La consapevolezza dei propri diritti e la maturità di azione: la denuncia delle condizioni di accoglienza dei minori a Palermo
Lo scorso 17 settembre un gruppo di circa
16 minori, ospiti del centro Kaleidos di Palermo ha consegnato una lettera di
protesta presso un comando di Polizia con l’intento di manifestare il loro
scontento sulla “accoglienza” finora ricevuta:
“We are
here today to show our unhappiness in our emergency camp. We arrived in Palermo on the 19th of
June 2014. We are 42 in
number staying in a apartement of 7 rooms and 3 toilets.
After
reading the laws of Italy
and right resident conditions for the foreign minors who entered in Italy
illegally, we understood that the first priority is Education.
As part of
the resident conditions it says that all foreign children, also without valid
resident permit, are entitled to attend any kind of school level. (We are not
happy because we are not going to school).
The minors
also have right to health care. We are not happy because we don’t have proper
health care at our emergency camp and also we don’t eat good food neither drink
good water.
And
finally; the Italian laws says that all unaccompanied minors are entitled to granted
residential permits as minors under the age of 18years. (We are not happy
because, our guardian says that she cannot provide us any document in our camp,
while other minors are having their documents).
We are
here today to let you know about our situation in our camp, we want you to
transfer us from that house, beis happy in that house. She use to threaten us
anytime we complained about food, health, our documents, living conditions and
pocket money.
(The last
time she opened the door and ask us to leave the house).
Thank you”
Abbiamo incontrato i ragazzi che ci
hanno raccontato che la maggior parte di loro sono arrivati a Palermo 2/3 mesi
fa, ma vi è chi è in Italia da ben 6 mesi. Nessuno di loro ha un permesso di
soggiorno, né una richiesta di asilo formalizzata.

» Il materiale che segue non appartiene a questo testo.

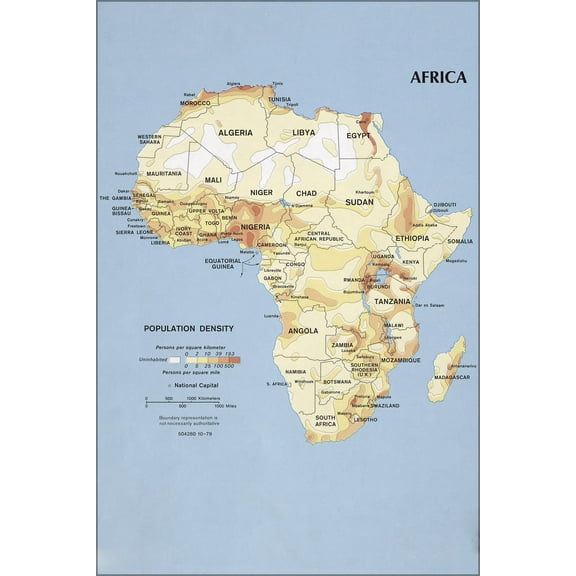 24"x36" Gallery Poster, cia map of Africa, population density 1979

I ragazzi non hanno mai avuto accesso
ad una qualsiasi forma di istruzione, eccezion fatta per un paio d’ore di lezione
di italiano effettuate presso lo stesso centro la scorsa settimana, circostanza
(l’unica) confermata da un operatore della struttura.
Stufi di passare le loro giornate tra
il condominio in cui vivono e il lungo mare, hanno perso la pazienza anche
rispetto alle precarie condizioni di vita. Mi spiegano che al principio erano
disposti ad accontentarsi: accettavano di vivere in stanze con 6 o 11 letti, di
dover condividere 3 bagni in 42, di mangiare a cena del cibo portato alla
mattina insieme al pranzo, di dover comprare l’acqua minerale con i soldi del
pocket money.
Ormai è settembre, la scuola è
ricominciata per tutti tranne che per loro. Si sono informati in merito alle leggi
italiane inerenti ai minori e hanno capito che l’istruzione è un loro diritto.

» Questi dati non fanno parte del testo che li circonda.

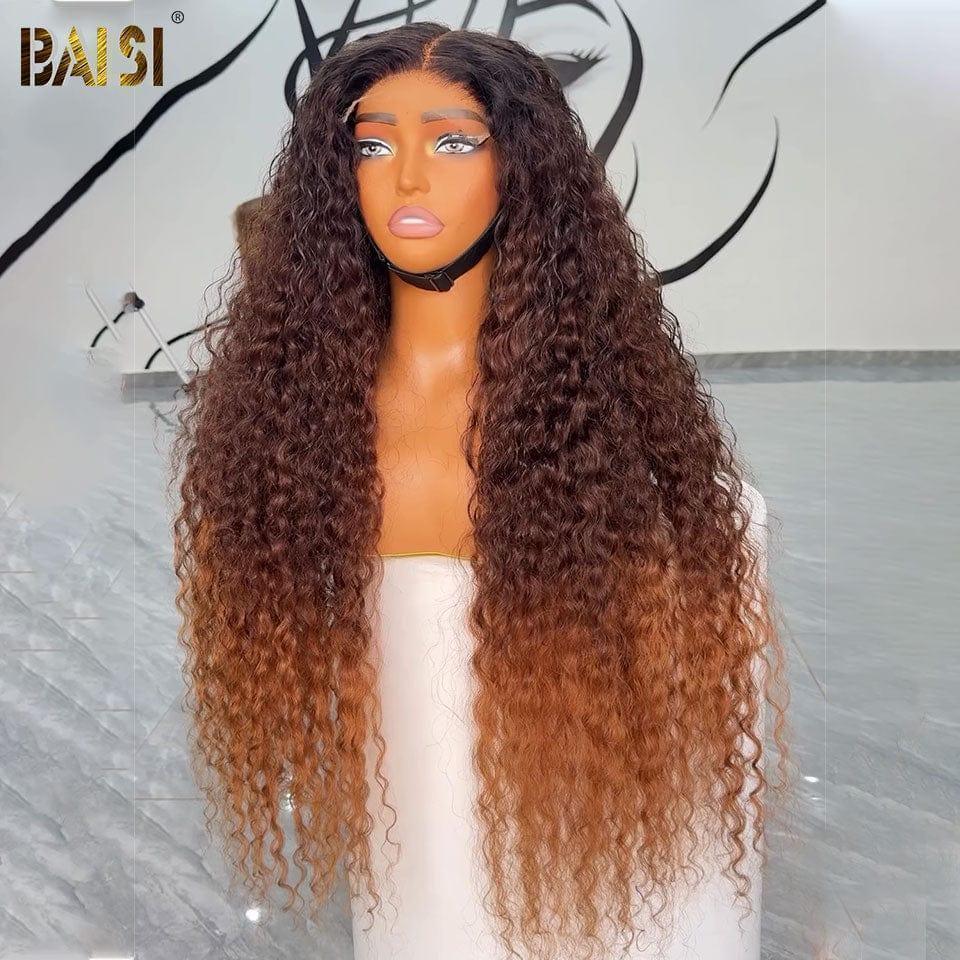 BAISI 13x4 Frontal Lace Parrucca Onde Profonde Colore Marrone #4#30 In 100% Capelli Umani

Hanno perciò deciso di indirizzare le loro rivendicazioni alla polizia. Di
fronte a tale dimostrazione di scontento la polizia ha invitato i ragazzi a
presentarsi l’indomani all’Ufficio Immigrazione per ricevere risposta. Lo
scorso 18 settembre è stato loro spiegato che non ci sono fondi adeguati, che ci
sono troppe persone che arrivano in Sicilia, che bisogna aspettare che Roma
accolga la richiesta di finanziamento o trasferimento che, a detta anche della
responsabile del centro (che abbiamo raggiunto al telefono) sarebbe stata
inviata da tempo. In sostanza, ci conferma la responsabile, o il ministero dà l’ok
economico per attivare una convenzione con la struttura o deve provvedere al
loro trasferimento presso centri ufficiali dedicati alla minore età.

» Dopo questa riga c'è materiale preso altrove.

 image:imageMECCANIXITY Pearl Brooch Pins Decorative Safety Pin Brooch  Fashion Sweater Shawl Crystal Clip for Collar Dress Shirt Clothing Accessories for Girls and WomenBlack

Ma al di là delle giustificazioni e
delle speranze relative al futuro, restano i fatti.
Poco importa se i fondi sono carenti
e se le richieste sono troppo numerose, non è accettabile che dei minori non
accompagnati siano in Italia da mesi e siano ancora tutti senza un tutore. Il
problema sarebbe di da attribuire al numero eccessivo di richieste di tutele
agli uffici del comune di Palermo. I ragazzini sono così lasciati in un limbo
di cui non vedono fine. Uno dei ragazzi è in Italia da sei mesi durante i quali
è già stato trasferito 4 volte: da Agrigento a Pozzallo, da Pozzallo a Messina,
da Messina a Isnello, da Isnello a Palermo.
Il centro Kaleidos, gestito dall’associazione No
Colors non ha dunque alcuna convenzione con al prefettura. L’associazione, nota
nel palermitano come gestore di alcuni progetti di integrazione delle seconde
generazioni, ha ricevuto, sulla fiducia, in affidamento una quarantina di
ragazzini. Purtroppo l’associazione No Colors sta dimostrando di non essere in
grado di raccogliere la nuova sfida.
Le criticità riscontrate al Kaleidos ricordano fin
troppo bene la prassi della maggior parte degli enti gestori che si situano
nell’orbita del consorzio Sol.Co. Orbita in cui, per l’appunto, No Colors gravita,
ma le responsabilità a monte sarebbero della prefettura e del comune che
permettono l’affidamento di fatto di minori ad un ente privo di convenzione, in
assenza di fondi che permettano all’ente gestore l’erogazione dei servizi e la
loro continuità nel tempo.
Come riferiscono i ragazzi,
il pocket money, che ammontava a 15 euro ogni 10 giorni, ormai non arriva più da
oltre due settimane. Inoltre, il benessere nonché la salute, sia fisica che
psicologica, dei minori sembra preoccupare ben poco gli operatori del centro.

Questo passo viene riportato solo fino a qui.